Half-page ads began appearing this week in newspapers from its U.S. base in Houston to up and down the coasts of Florida. The company has spent millions to sharpen its public relations image, including about $17,000 with The News-Press for ads Sunday, Monday, Tuesday and Wednesday.
Company officials said they had spent more than $350 million, which includes cost of the immediate response, containment, relief well drilling, commitments to the Gulf Coast states and settlements, federal costs and public relations.
But, advertising and public relations experts say, it’s going to take a lot more than advertising, Tweets and Facebook postings to win back the public’s trust.
“There has been a history of safety problems and that is going to hurt,” said Otis Wragg, founder of the Miami-based Wragg & Casas public relations firm, which has an office in Bonita Springs. “But I think they have done a decent job in a totally impossible situation.
“Getting there quickly and making sure that you are on the job from day one is absolutely essential,” Wragg said, “and there is evidence that BP tried to do that.”

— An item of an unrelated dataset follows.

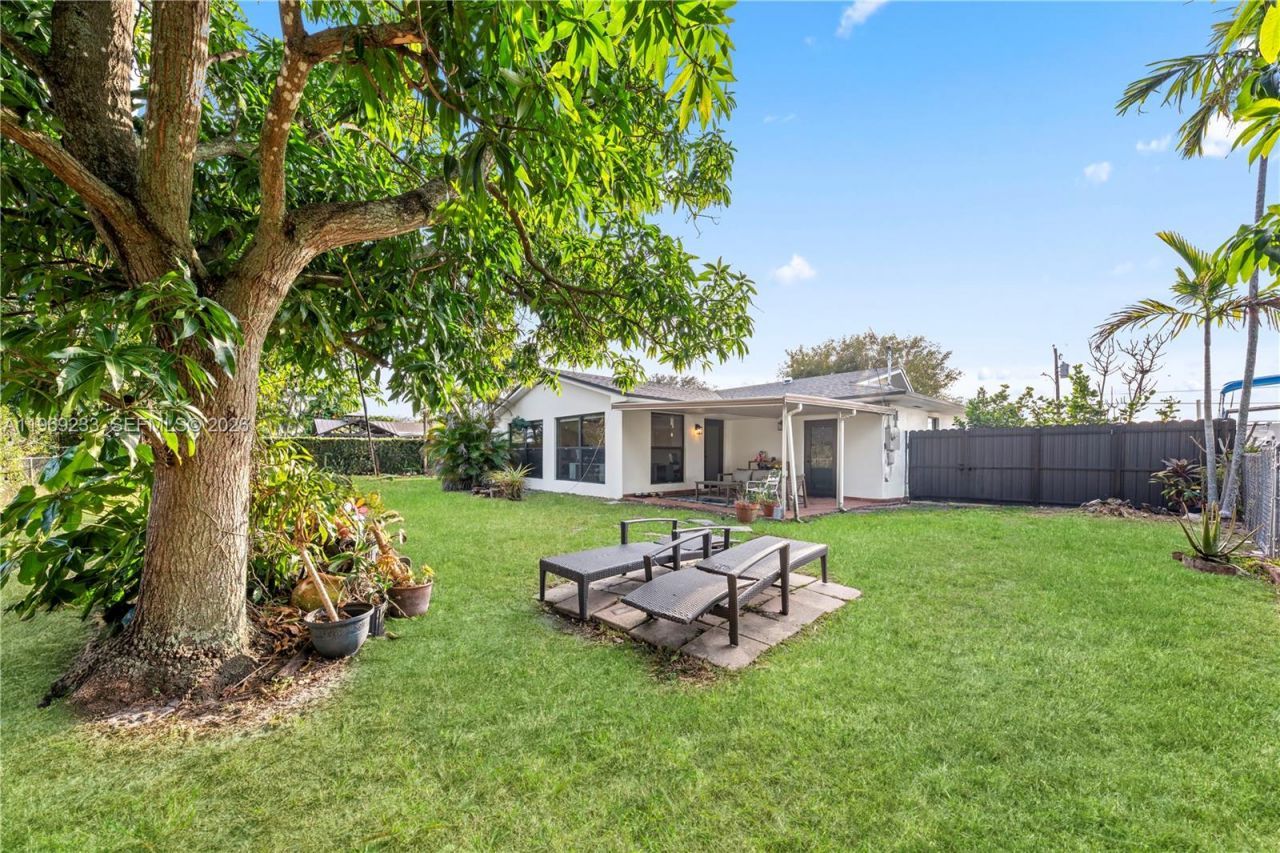 7835 W 16th Ct, Hialeah, FL 33014 Photo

Tony Salt, a BP public relations spokesman, said the advertising campaign was one way the company is trying to get out the message. The company also is using social networks to tell its story.
“Twitter, Facebook,” Salt said. “We are doing what we can to keep the public informed.”
Wragg said social networking sites such as Twitter have become essential in dealing with a crisis.
“More and more clients are requiring it,” Wragg said. “It is so prolific. Millions are plugged in. It’s an audience you have to pay attention to.”
Toyota learned that earlier this year during a recall crisis.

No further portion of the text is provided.